Flamm started running workshops while living in New York, and since moving to Ireland, she has hosted workshops at Limerick Zine Fest, in Dublin City University Library, and in local bars.

“It’s been such a treat to meet so many new people around Dublin and beyond. Collage nights are a really versatile and valuable way to make friends and nourish community; they provide space to use a different side of your brain and make creative connections with others.”

She has developed “lasting friendships” with people she’s met through zine communities and feels that “any sustained, creative, in-person meetings can nurture these kinds of bonds”.
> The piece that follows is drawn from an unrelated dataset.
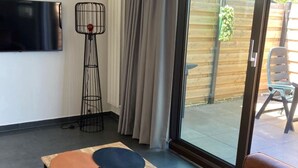 A modern living room with a sofa, a small table, a floor lamp, and a sliding glass door leading to an outdoor area. - Appartement Ellemeet (Ellemeet)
A zine workshop with Hana Flamm. Photograph: Áine BrennanA zine workshop with Hana Flamm. Photograph: Áine Brennan

At a time when young people aged 16 to 24 in Ireland are reporting feeling “lonely most or all of the time”, according to an OECD report published last year, it’s no wonder these kinds of events are taking off in popularity. For years, social media has been touted as a way to connect, but these days, there is a growing appetite among Gen-Z for moving away from the screen, and for returning to tactile, physical media as a way to create, connect, and share.

Google Trends data shows online searches about zines in Ireland and the UK have increased significantly over the past year alone. A Reddit group for zines, which now has almost 50,000 members and 15,000 weekly visitors, offers guides on where to sell zines, and features plenty of posts by individual users sharing their own zines.

Themes include: “a zine about my time working as an assistant in the professional drag industry”, “a zine about thawing from seasonal depression”, a zine about Bjork, and a zine about eggs.

Rita Hynes, who runs the Drogheda Zine Fair, says that while zine culture has always existed, it has “definitely gotten bigger” in Ireland in the past few years.

Her own entry point to zine culture occurred while she worked as a bookseller in Scotland. She came across zines at a feminist anarchist fair, and then noticed that a lot of independent bookshops in Glasgow and Edinburgh had sections for zines, or had organised zine fairs.

After moving back to Ireland, she decided to set up a zine fair in Drogheda, where she’s from. There is a big DIY scene in Drogheda, she notes, but “a lot of it is to do with music”, while the intention of the zine fair is to give other creatives “a chance to be centre stage in a way that a band gets to when they play”.

When she started three years ago, there were just a few local people making zines who took part. The second year, it doubled in attendance, and this year, Hynes “had to say no to a lot of people who applied to the open call”, which she says was “actually disheartening and not the ethos”.

Rita Hynes speaking at the Droichead Arts Centre. Photo: Rob FayRita Hynes speaking at the Droichead Arts Centre. Photograph: Rob Fay

“The footfall was just crazy this year. We had 56 zine makers from all over the country and some from around the world, and we’re now a three venue event,” she explains. Druid Arts Centre gives the fair a space, as well as a small artist led venue, Kiosk, which lets the fair do pop-up exhibitions, while The Watchtower hosts their after party.

The “real achievement” has been all the “local people taking part or coming by and thinking, ‘I could do that’, which is the whole point. It’s non-hierarchical, the baseline is this DIY ethos, and you’re allowed to make mistakes. It doesn’t have to be super polished,” she says.

Hynes feels the resurgence of interest in zines is owed in part to “the ‘going analogue’ thing, but the other aspect is that people are genuinely disenfranchised, or being pushed into places creatively where they can’t put their work anywhere else”.

The zinemakers applying for Drogheda Zine Fair have aged from teens to people in their 70s.

“DIY culture in general is also just growing bigger in Ireland … You can see zines suddenly well represented in Dublin and other parts of the country, where you wouldn’t have found them before, unless you were really looking.”

Now there are zine fairs all around Ireland, including Cork, Limerick and Belfast.

“The really rewarding part of the fairs is being able to socialise and share your art with someone else,” Hynes says. “We’re not all retreating entirely from the online world, but we’re craving to socialise our art in the real world.”